Con la construcción europea nos sentimos un poco más distantes, quizá porque nadie ha puesto especial empeño en su defensa. Han faltado valedores en la política diaria y eso ha ayudado a que la población tenga un concepto equivocado de lo que hemos recibido de Europa y de lo que supone para nosotros. Ahora que acaban de cumplirse 18 años de nuestra entrada y se puede hacer balance, incluso a los euroescépticos les costará encontrar otro periodo de la historia española más fructífero. Probablemente, no lo hay, lo cual demuestra que, con todos sus males, Europa ha sido para nosotros un magnífico negocio.

Que esta idea no haya calado del todo en la población puede ser responsabilidad de los medios de comunicación, que hacemos mucho más hincapié en los conflictos que en los acuerdos. Es muy probable que al ciudadano medio de la calle, Bruselas le suene como un lugar antipático donde un enjambre de funcionarios aún más antipáticos no tienen otro empeño que poner todas las trabas posibles a nuestros ganaderos y a nuestros pescadores. Pero la realidad es bastante distinta. En concreto, para Cantabria, Bruselas nos envía cada año más de 25.000 millones de pesetas, casi un 2% de nuestro PIB, algo así como si nos tocase la lotería todos los años. Gracias a la Unión Europea hemos hecho las obras de saneamiento, buena parte de las carreteras, la mitad de los edificios de la Universidad, hemos reconvertido sectores industriales… Y, a excepción de algún esporádico cartel con la corona de estrellas –pocos–, nunca lo hemos reconocido. Sólo vamos a ser realmente conscientes de lo que recibimos en el momento en que se acabe.

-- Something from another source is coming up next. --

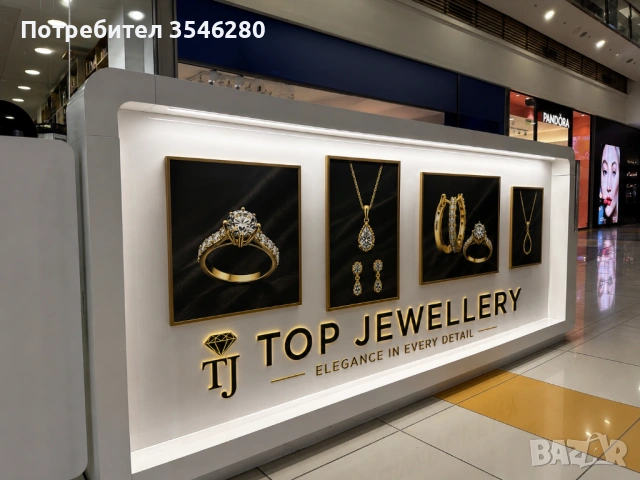 Луксозен дизайнерски Mall Kiosk за бижутерия, часовници и премиум аксесоари , снимка 7 - Друго търговско оборудване - 54891390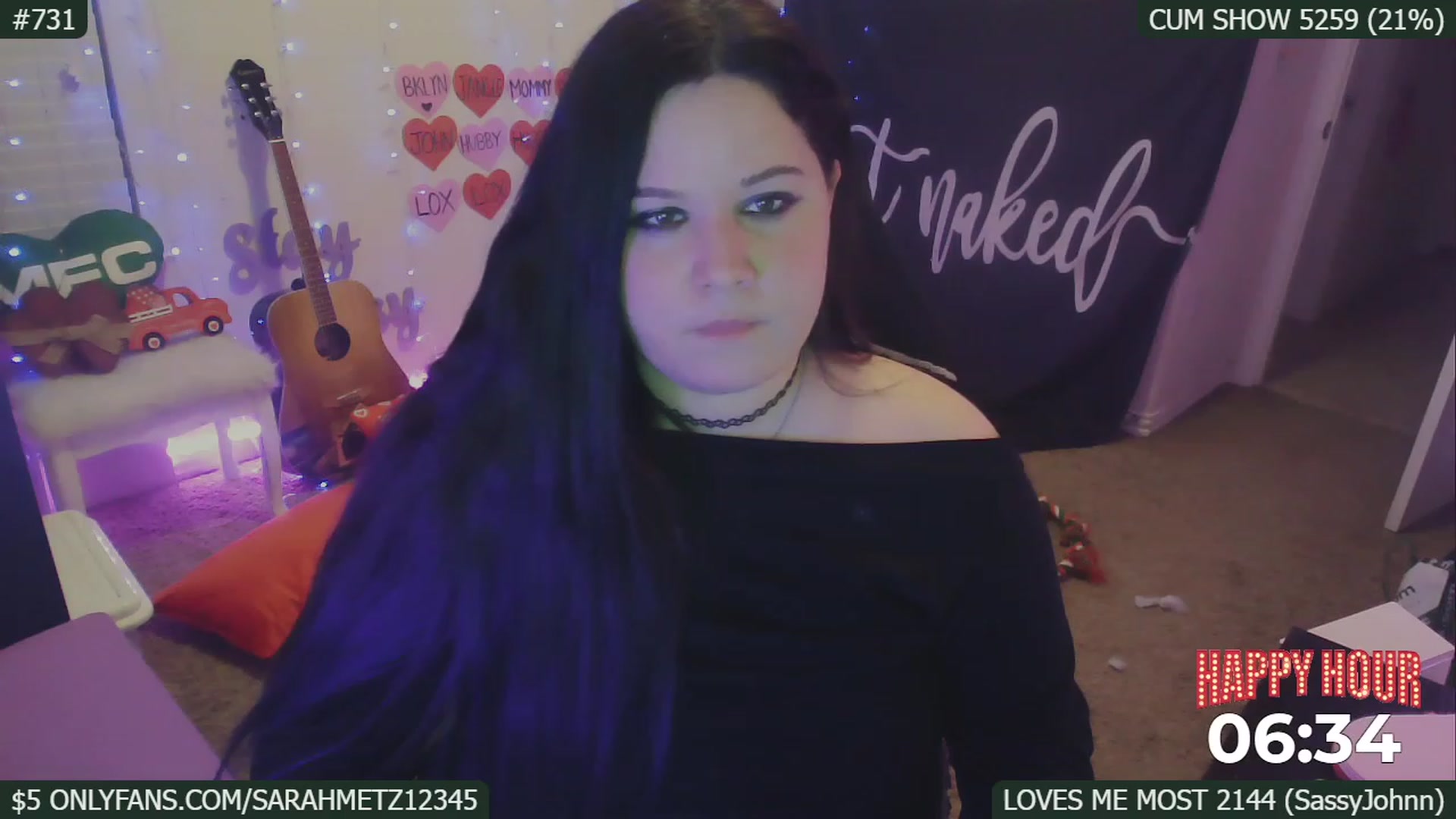 Gallery image thumbnail from SassySarah94's myfreecams stream on, 02/13/2023, 06:26 image 4 of 20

Incluso en aquellos sectores aparentemente más perjudicados, las cosas son bastante distintas a lo que suponemos. Bruselas ha pagado más de la mitad de lo que ha costado nuestra nueva flota pesquera y de las fábricas de anchoa y derivados que, en muchos casos, han pasado de la cochambre al lujo. Incluso las cuotas lecheras, tan denostadas, se han convertido en una hucha para los ganaderos. Ahora, esos derechos de producción son un patrimonio personal al que no renunciarían nunca, porque valen tanto o más que la propia explotación. Y si todo esto es así ¿por qué la UE tiene tan mala prensa? Sólo cabe pensar que somos poco agradecidos y ni los políticos ni los medios de comunicación hemos hecho lo suficiente por trasladar a la opinión pública la auténtica realidad. Lo que es del César, es del César, y lo que es de Bruselas, es de Bruselas, aunque lo inaugure el César.